------ LISTED RECORDS ------

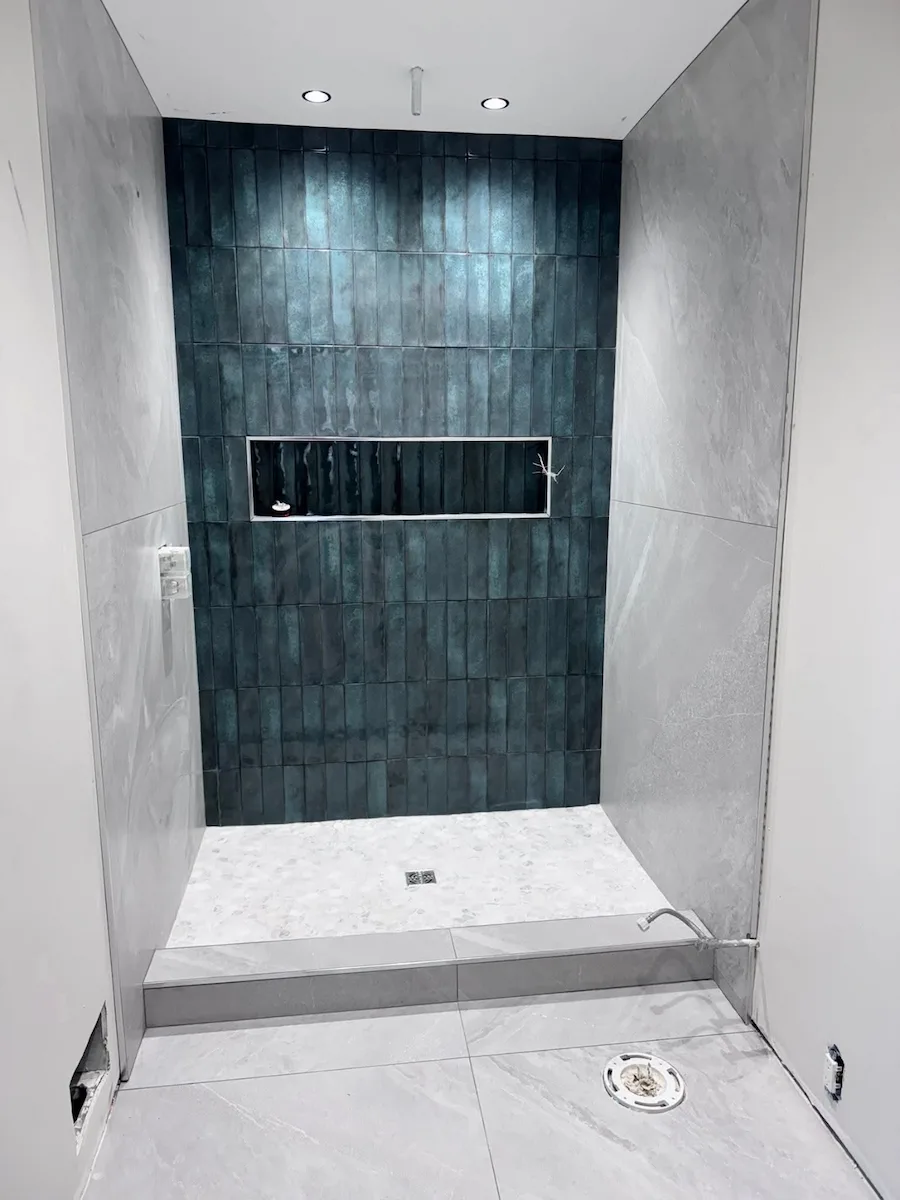 Postavljanje pločica Beograd — akcenat zid pismo pločice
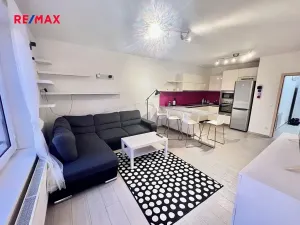 Pronájem bytu 2+kk, Pardubice, Jana Hrubého, 62 m2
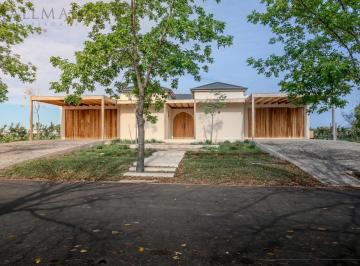Casa · 309m² · 6 Ambientes · 2 Cocheras · Venta Casa 4 Dorms en Pilará, El Milord Al Polo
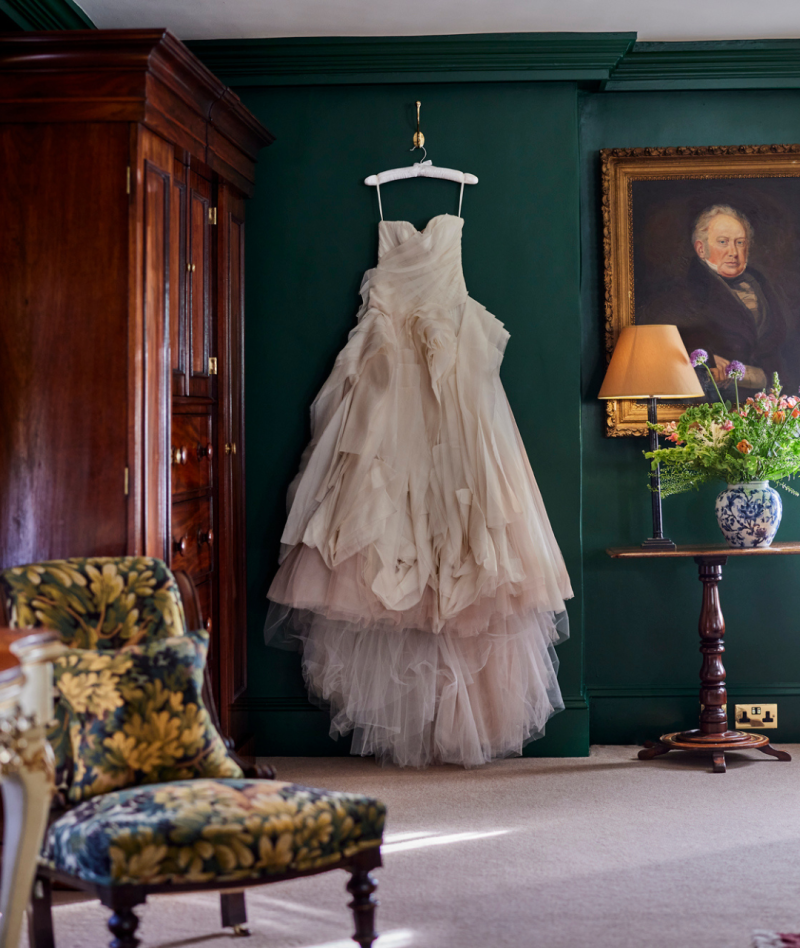 Photoshoot Rookery Vera Wang Wedding Dress (1080 x 1280 px)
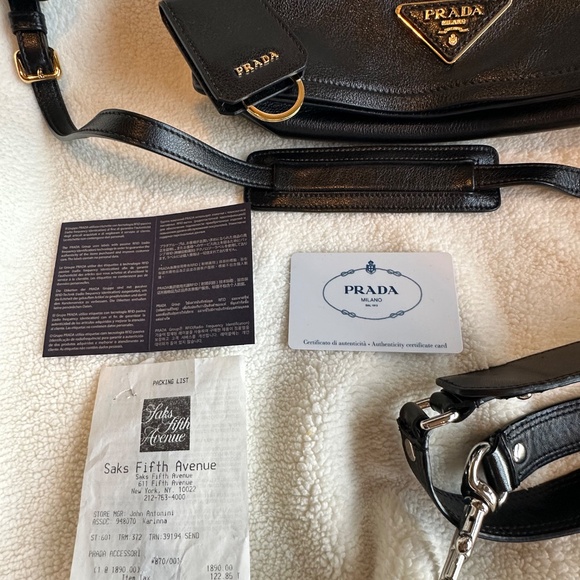 PRADA LEATHER PURSE WITH PROOF OF AUTHENTICITY - Picture 5 of 13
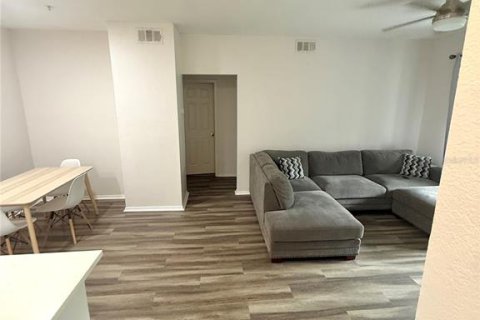 Condominio en venta en Temple Terrace, Florida, 2 dormitorios, 103.59 m2 № 1888694 - foto 5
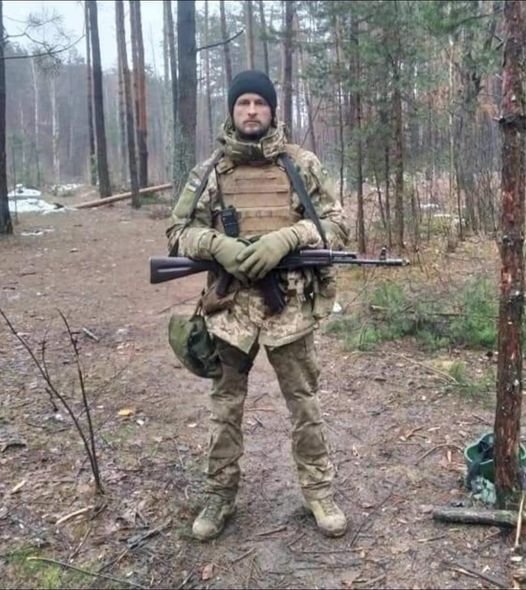 Захищаючи свободу та територіальну цілісність України, загинули четверо захисників із Вінниччини, серед яких є 19-річний військовослужбовець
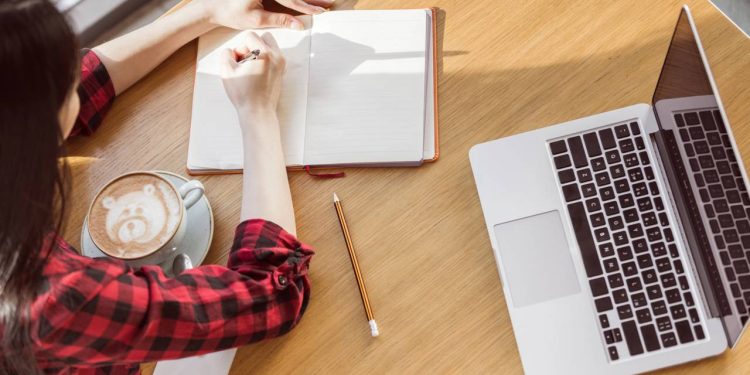 O que acontece com o corpo ao ficar 24 horas sem olhar para telas? 5 mudanças surpreendentes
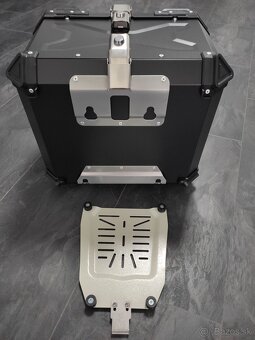Univerzálny hliníkový moto kufor (TopCase) 55L, 65L - 3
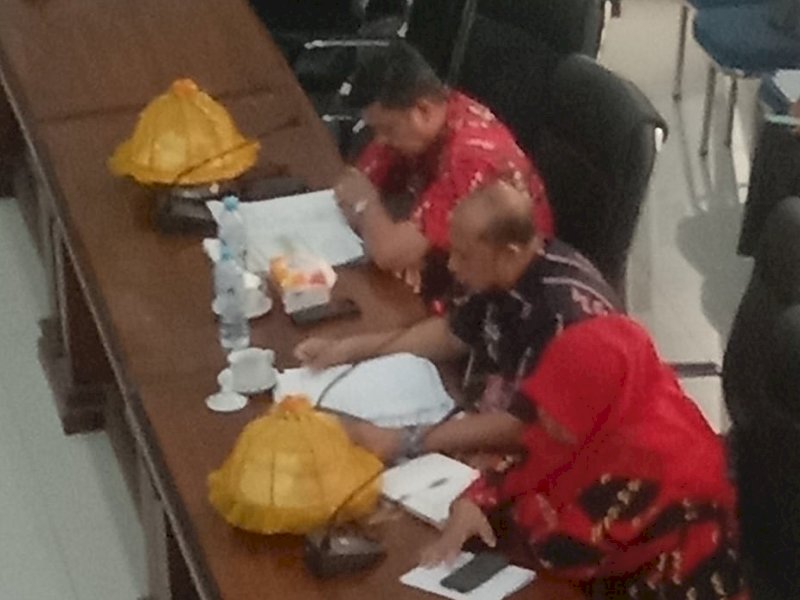 Kepala Dinas Tanaman Pangan Dan Holtikultura Kabupaten Gowa Fajaruddin saat rapat dengan DPRD Gowa. 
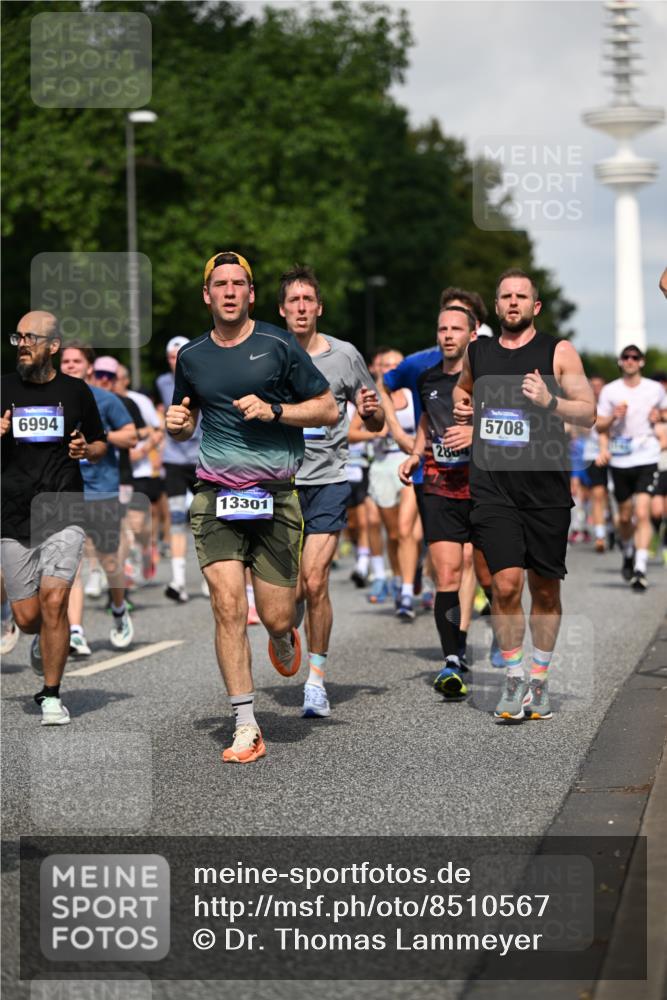 29.06.2025 - hella hamburg halbmarathon Dr. Thomas Lammeyer http://msf.ph/oto/8510567 29.06.2025 09:59:44 Kennedybrücke 1143, 1151, 1216, 1257, 1267, 1452, 1461, 1507, 1592, 1689, 1976, 2250, 2260, 2504, 2818, 2884, 3060, 3399, 3543, 3654, 3945, 4033, 4127, 4346, 4557, 4601, 4938, 5116, 5708, 6115, 6134, 6168, 6481, 6994, 7056, 7100, 7224, 7269, 7332, 7657, 8273, 8390, 8668, 8821, 8989, 9074, 9491, 9551, 9934, 10408, 10596, 10603, 10811, 10895, 11009 meine-sportfotos.de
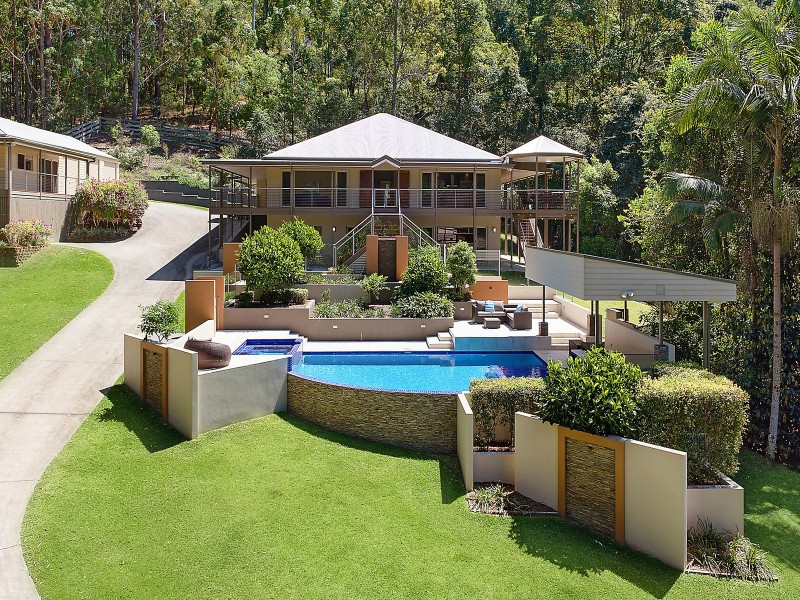 136 Glenmount Road, Tanawha QLD 4556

------

Your copy must start at the line that holds "O que acontece" and end at the last line of the data, both included; it must contain no pictures.

 O que acontece com o corpo ao ficar 24 horas sem olhar para telas? 5 mudanças surpreendentes
Univerzálny hliníkový moto kufor (TopCase) 55L, 65L - 3
 Kepala Dinas Tanaman Pangan Dan Holtikultura Kabupaten Gowa Fajaruddin saat rapat dengan DPRD Gowa. 
 29.06.2025 - hella hamburg halbmarathon Dr. Thomas Lammeyer http://msf.ph/oto/8510567 29.06.2025 09:59:44 Kennedybrücke 1143, 1151, 1216, 1257, 1267, 1452, 1461, 1507, 1592, 1689, 1976, 2250, 2260, 2504, 2818, 2884, 3060, 3399, 3543, 3654, 3945, 4033, 4127, 4346, 4557, 4601, 4938, 5116, 5708, 6115, 6134, 6168, 6481, 6994, 7056, 7100, 7224, 7269, 7332, 7657, 8273, 8390, 8668, 8821, 8989, 9074, 9491, 9551, 9934, 10408, 10596, 10603, 10811, 10895, 11009 meine-sportfotos.de
 136 Glenmount Road, Tanawha QLD 4556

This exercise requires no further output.